Brian McPhee

Personal information
- Full name: Brian McPhee
- Date of birth: 23 October 1970 (age 55)
- Place of birth: Glasgow, Scotland
- Height: 5 ft 10 in (1.78 m)
- Position: Striker

Senior career*
- Years: Team / Apps / (Gls)
- Rutherglen Amateurs
- 1993–1996: Queen's Park / 84 / (19)
- 1996–1998: Airdrieonians / 36 / (20)
- 1998–2001: Livingston / 83 / (26)
- 2001: → Clyde (loan) / 4 / (0)
- 2001–2005: Hamilton Academical / 107 / (36)
- 2005–2007: Airdrie United / 55 / (11)
- 2007: → Stranraer (loan) / 7 / (0)
- 2007–2008: Dumbarton / 23 / (4)
- 2008–2010: Bathgate Thistle
- 2010–2011: Cambuslang Rangers
- 2011–2013: Kirkhill AFC
- 2013–2014: Wishaw Juniors

= Brian McPhee =

Scottish footballer

Brian McPhee (born 23 October 1970 in Glasgow, Scotland) is a Scottish retired footballer who last played for Wishaw Juniors. He had a long career as a striker in the Scottish Football League with several clubs.

==Career==
McPhee joined Queen's Park in 1993 and turned professional with Airdrieonians in 1996. During his time at Airdrie, McPhee narrowly missed out on promotion to the Premier Division when the club lost in an end of season play-off to Hibernian in 1997.

After growing dissatisfied with his regular use as a substitute by manager Alex MacDonald, McPhee rejected a new contract offer from Airdrie and after trials in Greece and Holland, signed for Livingston in July 1998. Livingston won the Division One title in 2001 however after not featuring in the early matches of the following seasons Premier Division campaign, McPhee asked to be placed on the transfer list.

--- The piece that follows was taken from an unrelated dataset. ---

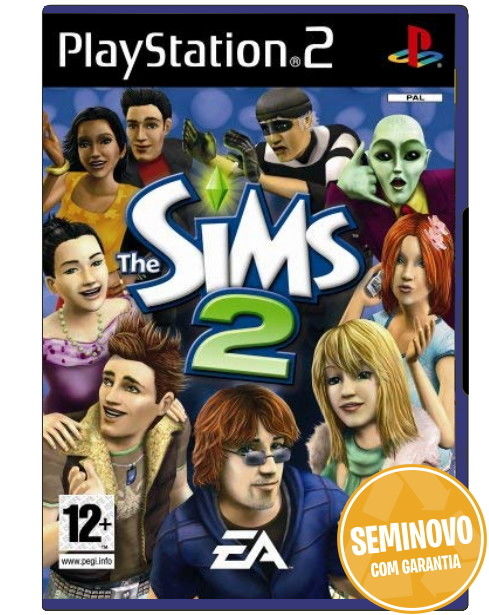 Os Sims 2 | PS2 | USADO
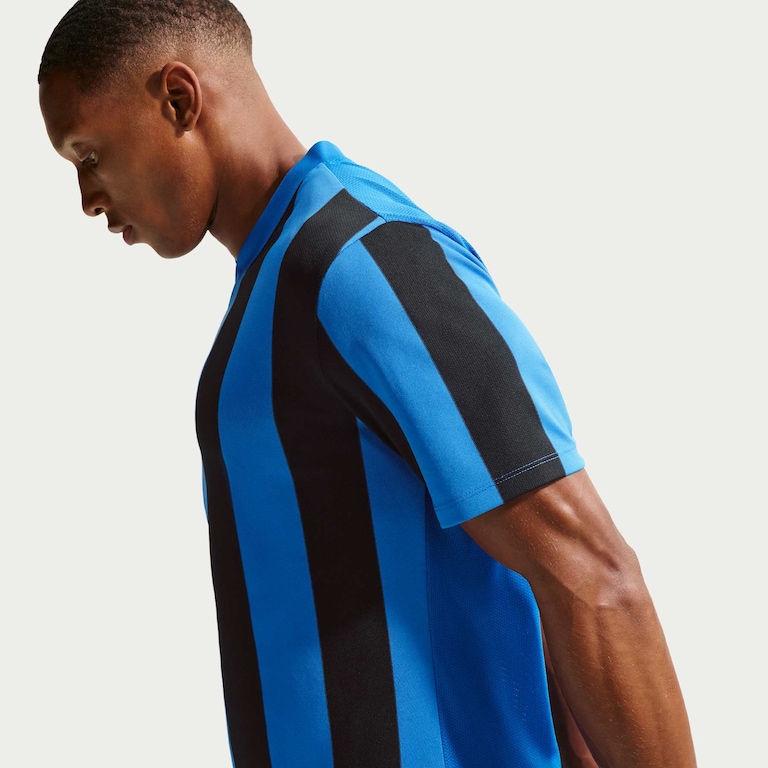 Camisa Dri-FIT Nike Striped Masculina - Foto 3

He subsequently moved on a month's loan to Clyde before joining Hamilton Academical in November 2001. In 2002 McPhee (who is of mixed race) was subjected to racist abuse from a supporter while playing for Hamilton against Albion Rovers.

During his spell at Hamilton McPhee went part-time after commencing training with Strathclyde Fire and Rescue Service in Glasgow. He was in attendance in the aftermath of the Stockline Plastics factory explosion in 2004.

McPhee joined Airdrie United in 2005 and after further spells at Stranraer (on loan) and Dumbarton, he moved on to Junior football with Bathgate Thistle and Cambuslang Rangers. After a spell playing local amateur football with Kirkhill AFC, McPhee joined Wishaw Juniors in April 2013.

He retired in 2014 to concentrate on his career as a firefighter, and became involved in charity fundraising for impoverished people in Kenya after visiting the country.